SOURCE MATERIAL:

== == ==

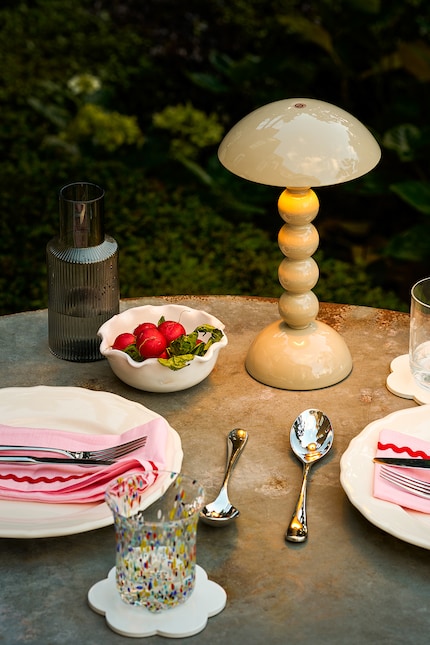 Die Spulenform macht sie unverwechselbar, egal ob an oder aus.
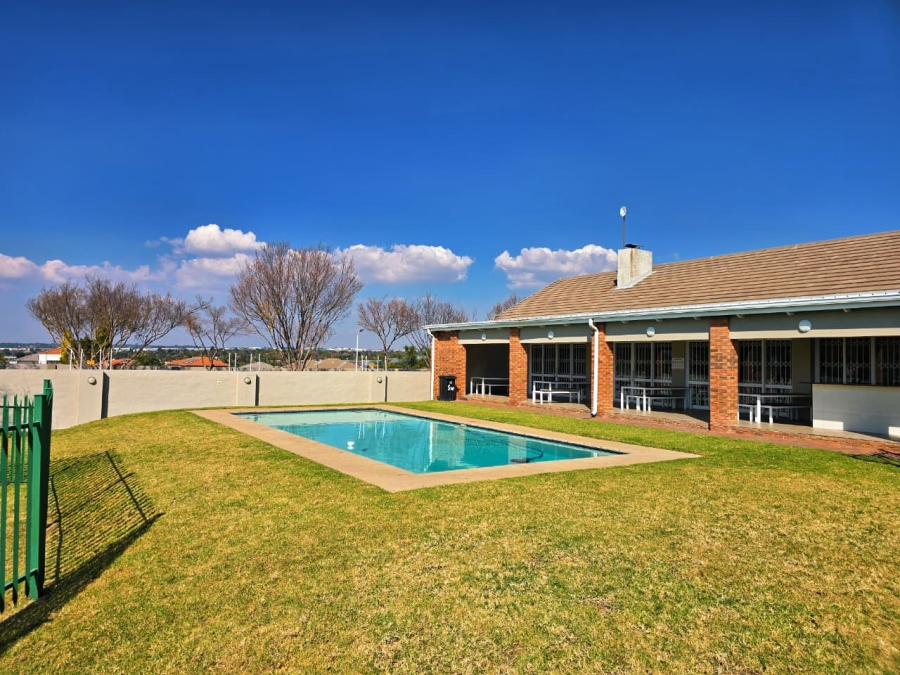 2 Bedroom Property for Sale in Blue Hills Gauteng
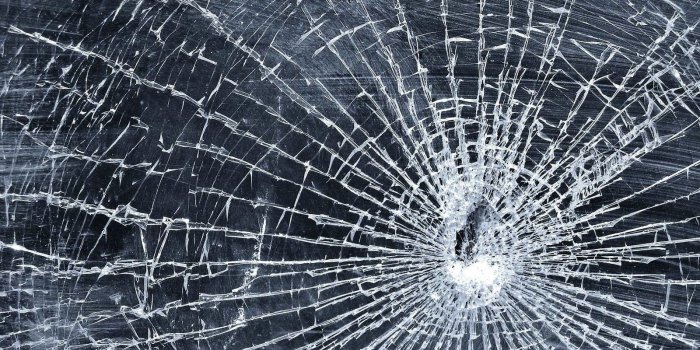 1600x1200 HD Cracked Screen Wallpaper HD Desktop Wallpapers Cool Free Images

== == ==

TASK ITEM: Give back each line above verbatim, dropping every picture.

COMPLETED TASK:
 Die Spulenform macht sie unverwechselbar, egal ob an oder aus.
 2 Bedroom Property for Sale in Blue Hills Gauteng
 1600x1200 HD Cracked Screen Wallpaper HD Desktop Wallpapers Cool Free Images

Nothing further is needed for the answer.